The bottle tips under the force of the purple frisbee, knocking over our crisps too. And as we were cleaning up our mess, the boy ran over to us. Without a hint of manners or awareness, he bends over her, pressing his weight onto her thigh as he snatches his frisbee. ‘Sorry, Misses!’ he shouts before buzzing off.
And that’s when she said it: the worst thing I or she can do now is cry.
‘You think that’s what will happen?’ I ask again. ‘When I touch you?’
‘No,’ she says, flat and distant, as if I’ve changed the subject entirely. ‘But it will when I touch you.’

3.
She keeps talking, simplifying her words, as if I won’t understand ‘atoms’ and need ‘particles’ instead.
‘Tiny particles that cluster together in groups, forming different entities. Entities are just things – all kinds of things. Meaning you and I are also just things, made up of tiny particles …’
But she’s the one who wanted to go on this rant naked – at night, on my bed. We just took a shower. Taking turns. First me, then her. It’s what she wanted, and I’m OK with it. I’m OK with everything she does. I can feel my abdomen contracting because I allow her to create this tension in me. Especially now. Now that she isn’t hurriedly dressing, isn’t perched stiffly on the chair. This time, she’s not looking on while pleasantly instructing me and asking me questions. This time, she’s very close to me. And actually, we’re already touching. Really, all this talk of entities and particles is just smoke – her way of warding off her own tension.
My fingers are tingling, my pussy is throbbing and her enthusiasm turns into: movements of the hand, a nervous smile bringing her closer to me, a smile I can taste on my lips. And still, she keeps talking.
‘There’s always space between particles, you know. So even without layers, without clothes, without distance … it’s impossible to really touch anything with your …’

5.
I think about our first time often, smiling to myself. Maybe once this stops feeling so new, we’ll laugh about it together.
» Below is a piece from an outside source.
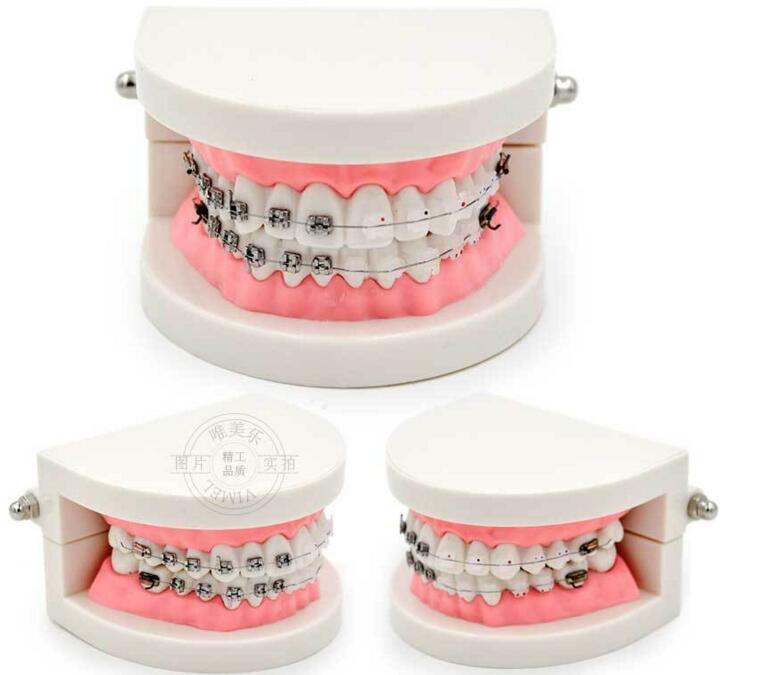 Dental Model of Teeth with Half Metal and Ceramic Bracket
Not yet. Everything is still so solemn sometimes. Like a gathering of good intentions and fragile frames.
She wraps around me, her hands focused and firm as she spreads the massage oil. Her fingers glide over my skin, tracing slow, deliberate patterns.
When she is silent, I speak. When I am silent, she speaks. And sometimes, we just touch
‘I’m sorry for all the rules,’ she murmurs.
She sinks in deeper. And it feels good. We’ve come this far and it feels so full.